A group of people waited for me on a platform jutting out of the main castle. I thought about hitting the ground hard, cratering the pretty tiles and scattering the onlookers, but that was for a person trying to look strong from a position of weakness. I didn’t need that shit. I landed softly, a cloud of debris wafting around me, and without waiting for my escort, walked towards the group. There were a dozen supers standing there, flooding my targeting computer, but I ignored the readouts, because standing in the middle of the bunch was Primal.

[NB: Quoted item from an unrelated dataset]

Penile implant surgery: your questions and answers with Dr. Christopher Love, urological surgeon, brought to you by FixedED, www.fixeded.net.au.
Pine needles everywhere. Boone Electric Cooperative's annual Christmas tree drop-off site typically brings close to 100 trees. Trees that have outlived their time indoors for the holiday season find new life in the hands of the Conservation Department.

Compared to the bright spandex and leather of the supers accompanying him, he was thoroughly unassuming. Primal wore a thick, black wool coat to protect against the chill and the elements. His face was dark, lined with scars like some topographical map, and he wore his gray hair short and scraggly. A shade over six feet, with squared shoulders, he seemed to hunch, as if trying to disappear amongst the peacock supers surrounding him. And he would have, if not for the blue glow of his eyes. They were tiny, deep set in that scarred face, like portals to another dimension.

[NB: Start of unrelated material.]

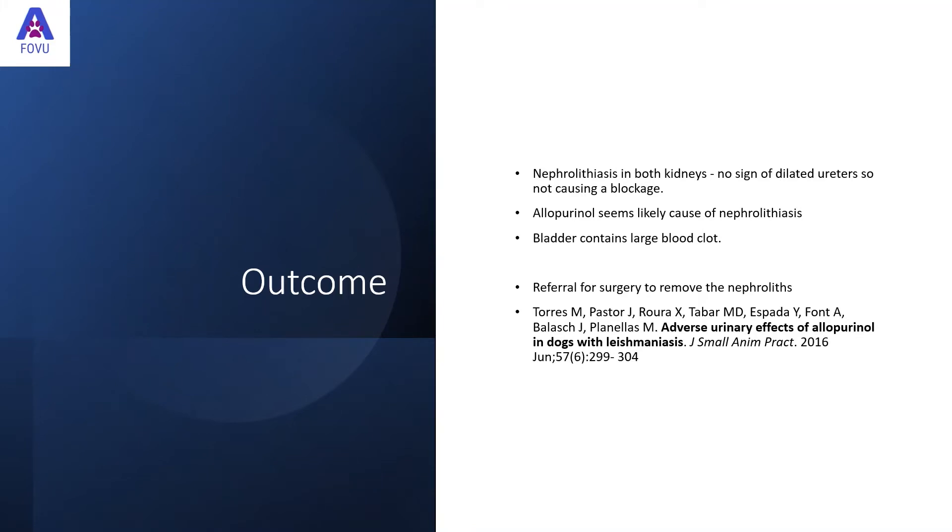In this case, we found nephrolithiasis in both kidneys. There was no sign of dilated ureters, so it wasn't causing a blockage, and no dilated pelvis with fluid. Allopurinol seemed the likely cause of nephrolithiasis, especially given a referenced paper on adverse urinary effects of allopurinol in dogs with leishmaniasis, confirming this as a known side effect. The bladder contained a large blood clot — no blood flow, fell to the dependent side. The dog was referred for surgery, with good success for nephrolith removal as long as it was under six centimetres in length.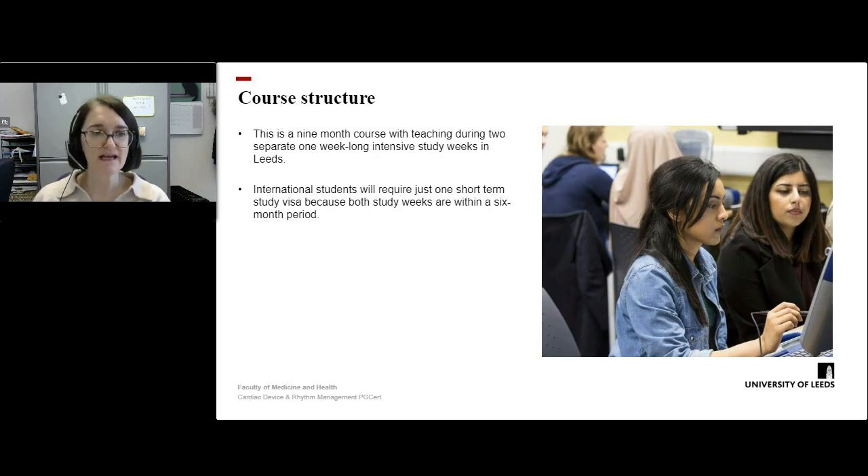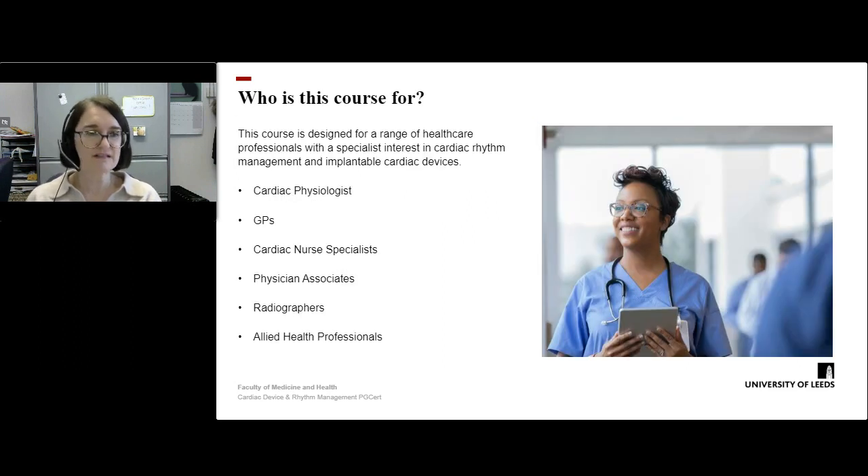The course structure is a nine-month course with teaching during two separate one-week-long intensive study week blocks here in Leeds. We also welcome international students — you will simply require a short-term study visa, as both study weeks fall within a six-month period. So welcome to anyone who wants to come and join us to study Cardiac Device and Rhythm Management.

“That’s enough, Blackjack,” one super said, stepping in my way. I took one last step, so we were close, inches apart. He was bigger than me, with a blue and white costume that sported a long, flowing cape. The readout in my goggles read, “Father Superior,” but I didn’t bother with the rest of the information it was giving me, nor did I even care to let my brain scramble for whatever vestiges of data I had stored.  

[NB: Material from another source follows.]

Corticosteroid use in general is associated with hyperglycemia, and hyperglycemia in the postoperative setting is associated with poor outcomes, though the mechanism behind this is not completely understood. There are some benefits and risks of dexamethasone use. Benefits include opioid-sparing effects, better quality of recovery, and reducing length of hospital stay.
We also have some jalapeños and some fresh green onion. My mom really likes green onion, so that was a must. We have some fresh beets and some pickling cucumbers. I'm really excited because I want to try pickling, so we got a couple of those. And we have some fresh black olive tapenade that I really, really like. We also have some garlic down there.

I looked past him at Primal, and the old guy seemed content to let it play out. It was prison logic, I had to prove myself by breaking one of his big guys over my knee. I let my eyes focus on the foppish prick, a scowl parading across my face. “Pretty little outfit,” I said, surprised by the charged energy in my voice.
The villain didn’t react, but in the back of his eyes, way back there, farther than even he could tell, I saw fear. He was trying to impress people, but it was time for everyone to learn that this was my show. I lowered my voice until the natural baritone became husky. “You know, last time a guy got in my face like this? I bit his cheek off.”
I could tell by the minute shift in Father Superior’s posture that he did know, or he knew enough. A hundred supers had come to kill me in the Australian outback. I was the only one to walk away from that fight, but thanks to the sociopath A.I., Mr Haha, it had been broadcast worldwide. The footage was banned on most respectable social media sites, but there were plenty of pirated copies. Bootlegs of it sold like crazy at conventions. 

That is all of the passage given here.